-- What you should do --
Your answer is to be the exact text of the lines from the one containing "this 1024×768 image." through the final line of the entries, restated in full, with pictures omitted.

-- Annotated photo localization data --
━━━━━━━━━━━━━━━━
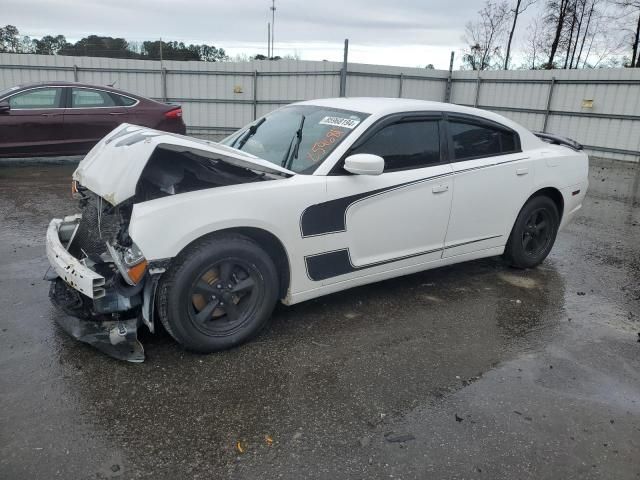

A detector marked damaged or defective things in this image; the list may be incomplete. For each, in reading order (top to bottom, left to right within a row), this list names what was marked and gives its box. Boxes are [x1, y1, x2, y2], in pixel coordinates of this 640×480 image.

crumpled front bumper [45, 216, 145, 362]
dented hood [75, 124, 296, 204]
damaged white car [46, 97, 592, 360]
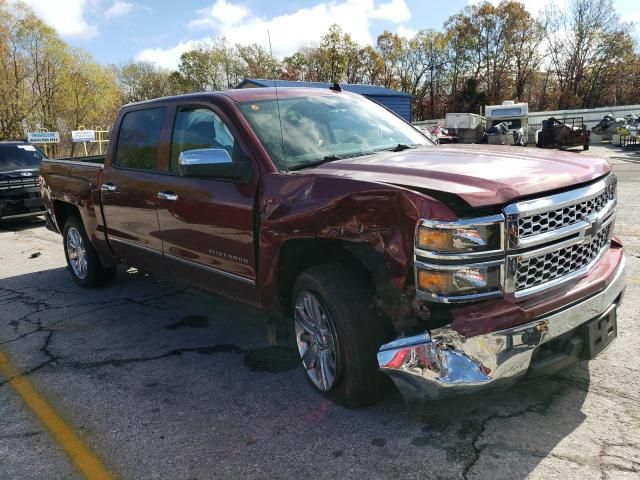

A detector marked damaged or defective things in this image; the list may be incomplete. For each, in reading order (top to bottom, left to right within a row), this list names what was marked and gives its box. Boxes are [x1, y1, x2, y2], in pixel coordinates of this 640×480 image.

cracked pavement [0, 144, 636, 478]
dented hood [316, 144, 608, 208]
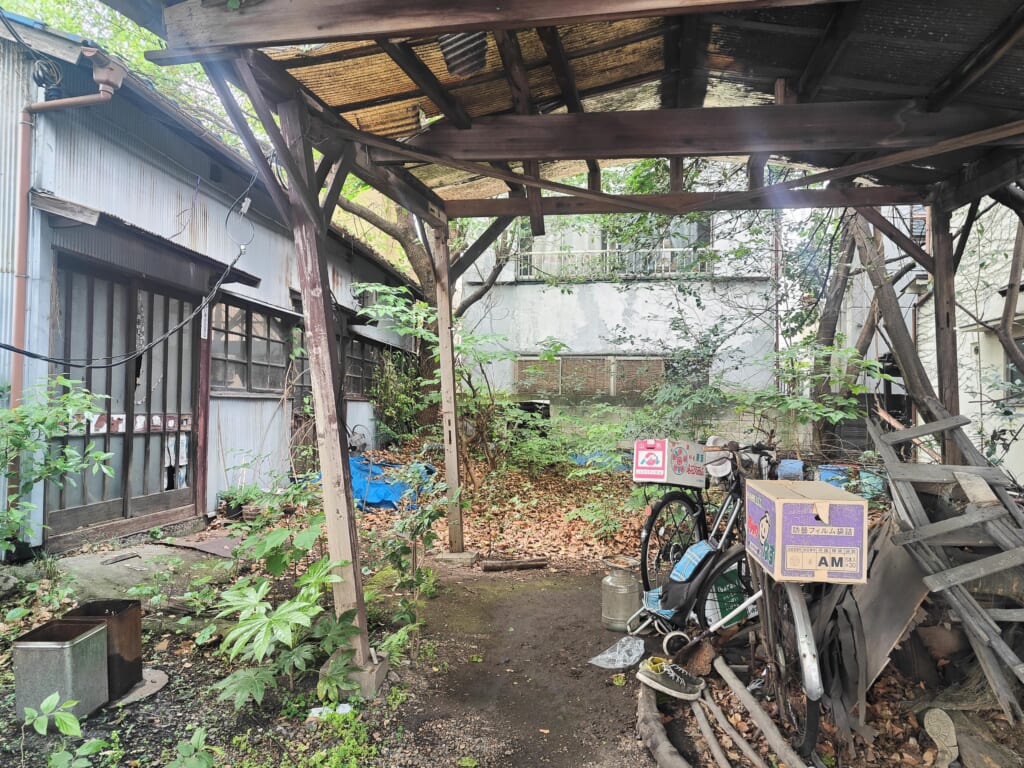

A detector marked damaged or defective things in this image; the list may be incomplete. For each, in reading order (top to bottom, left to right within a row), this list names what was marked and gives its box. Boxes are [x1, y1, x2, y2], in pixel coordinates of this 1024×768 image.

rusty downspout pipe [10, 70, 119, 409]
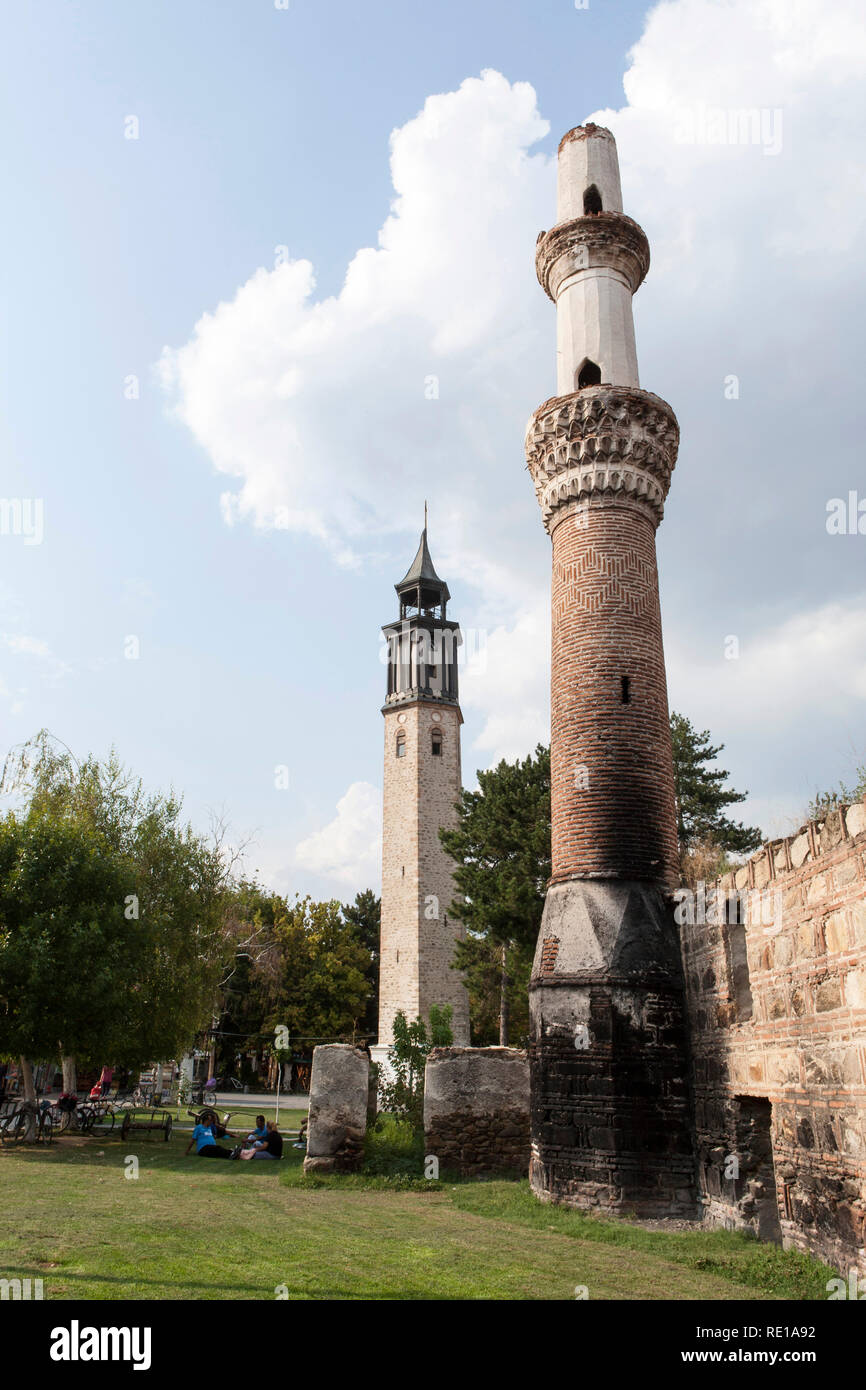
━━━━━━━━━━━━━━━━
-- Response --
A detector marked damaged or defective things in this image; the list may be incomplete. For each, in reading order (top to bottom, left to right within a row), this list names what was marked and gives its box. Boxes are [x1, y1, x2, y2], in pixel coordinates of this 1024×768 image.

rusty downspout pipe [10, 70, 119, 409]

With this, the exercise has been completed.